The last day of class was also the day of the IFPS exam, although a third party proctor was present to replace Doug in classroom supervision. I wish I knew what lead some to feel these tests are easy, but I can assure you they’re not. Half my class were on their second time around taking the test, which is the first clue it’s not easy, and one fellow was on his fourth attempt at a passing score. Perhaps part of the difficulty is that a pass is 70%. Also, the Hydraulic Specialist is a math-heavy certification; if you cannot manipulate algebraic equations, you really should take a course in math to refresh to high-school level.
The exam is scheduled to last three hours, although I don’t have the datum on how many students weren’t able to complete the test because, if you’ll allow me to be “bragadocious,” I finished it in forty five minutes.
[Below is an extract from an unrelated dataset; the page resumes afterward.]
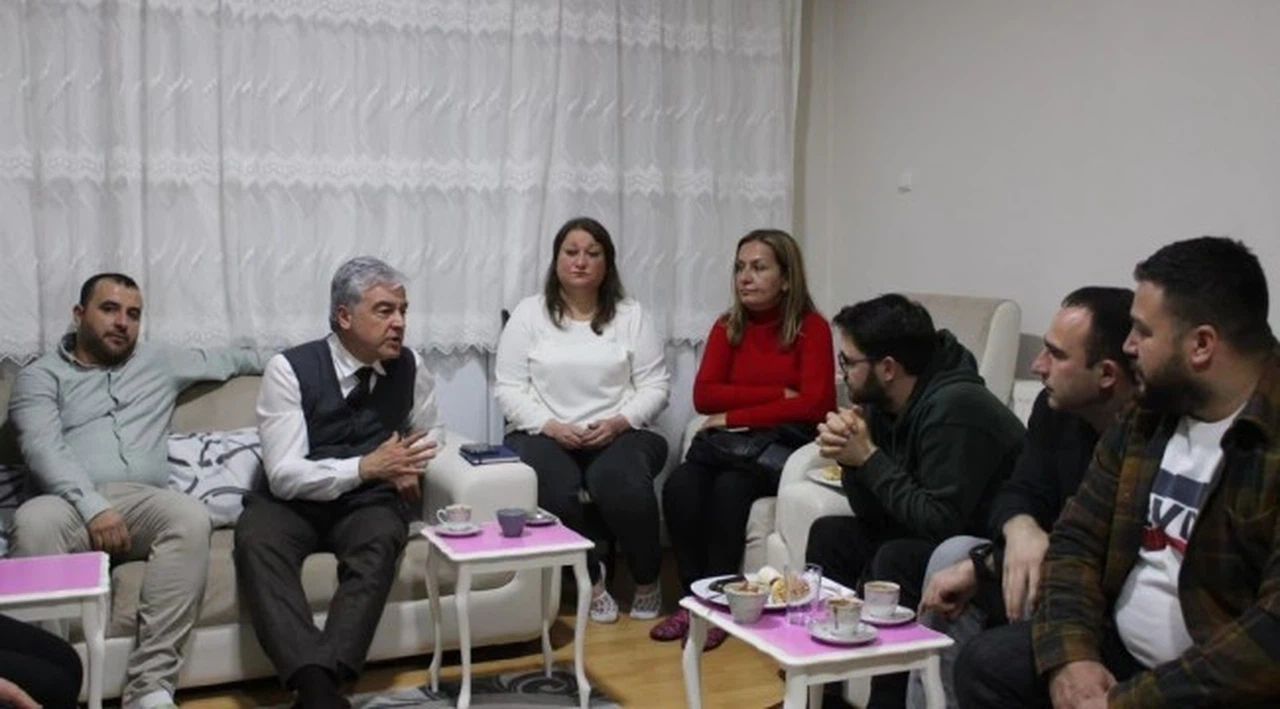 Murat Gökçekaya: Kadınlarımızın hayatını kolaylaştıracağız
This sounds a little contradictory, because I just implied it was easy, and I’m not claiming to be a hydraulics savant, but rather that I’m just a big nerd who studied his arse off.
If you’re reading this and feel it’s not worth the certification, let me tell you how wrong you are. It’s not just about having the pretty certificate or the title after your name, it’s about the guarantee you have an above average level of fluid power knowledge comparable to others in the industry. Very few can take and pass the exam without first studying for it, and in the process of studying (especially if you took a refresher course), you learn or relearn information helpful to your career and employer.